O coração máximo de “Tudo em Todo o Lugar ao Mesmo Tempo”
Michelle Yeoh está para o cinema chinês, principalmente no segmento de artes marciais, assim como Fernanda Montenegro está para o brasileiro. Uma das lendas da área no continente asiático, ela alcançou rapidamente o sucesso mundial, destacando-se no histórico “O Tigre e o Dragão” (2000) e sendo até mesmo uma bond girl em “007: O Amanhã Nunca Morre” (1997).
Em “Tudo em Todo o Lugar ao Mesmo Tempo”, a atriz de 59 anos voltou a entregar boa performance. Oferece de tudo: drama, comédia, lutas, tempos, ritmo, agressividade, vazio, coração, tudo. Como a Academia de Artes e Ciências Cinematográficas tem visto esse tipo de obra de forma menos negativa, não dá para imaginar outra pessoa recebendo o Oscar de Melhor Atriz na próxima premiação – ainda que, evidentemente, outras grandes interpretações apareçam ao público nos próximos meses.

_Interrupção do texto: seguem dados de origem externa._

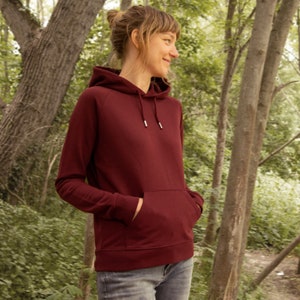 Pull bio femme / sweat à capuche femme imprimé dos / sweat femme avec motif arbre en coton écologique en bordeaux / mode bio image 4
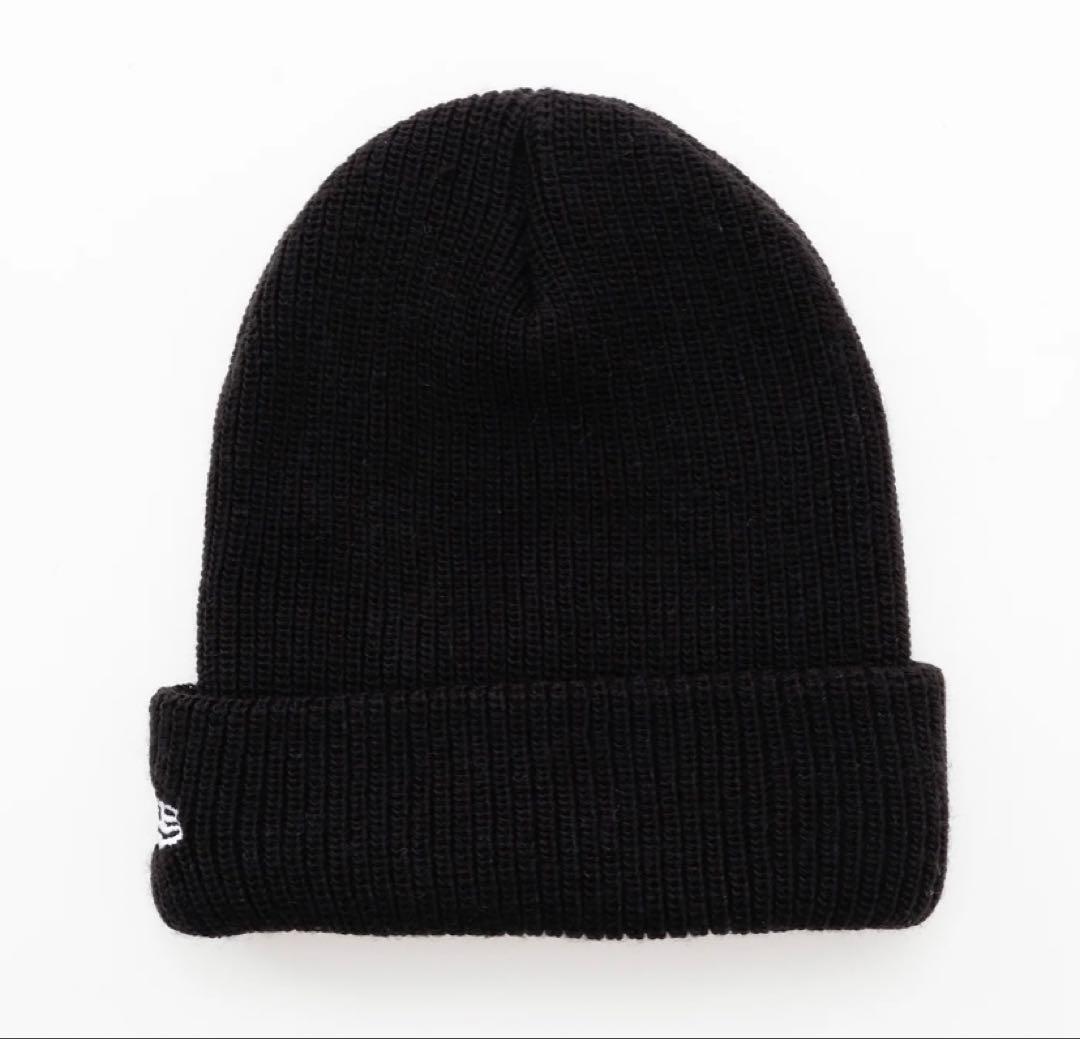 ちいかわ ニューエラ　ニット帽NEW ERA® 黒・グレー・ピンク、3色セット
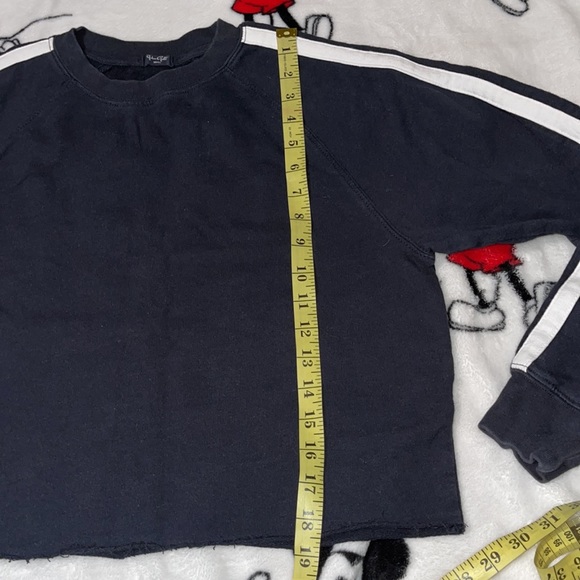 Brandy Melville Cropped sweater - Picture 5 of 6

O ator Ke Huy Quan também nos presenteia com uma performance deliciosa como o marido Waymond Wang, especialmente nas mudanças entre um universo e outro. Quan, vale lembra, vale lembra, é mestre em artes marciais e se consagrou ao interpretar ainda criança o pequeno Dado em “Os Goonies” (1985) e o divertido Short Round em “Indiana Jones e o Templo da Perdição (1984).
Outro nome destaque no elenco é Jamie Lee Curtis, que traz Deirdre, implacável funcionária da Receita Federal. “Primeira-dama” dos filmes de terror, Curtis dispensa todo e qualquer ego ao assumir o próprio corpo no filme e surpreende a ponto de nos fazer implorar por mais bons papéis a ela.
Rumo à glória eterna
Em território nacional, “Tudo em Todo o Lugar ao Mesmo Tempo” estreia no próximo dia 23 de junho, mas foi disponibilizado em pré-estreia a partir desta quinta-feira (16). No exterior, é exibido desde março – e já conquistou o maior faturamento da história do estúdio A23, com US$ 83,5 milhões em bilheteria.
Vale a pena assisti-lo. Da loucura à criatividade, trata-se de uma obra histórica para o cinema.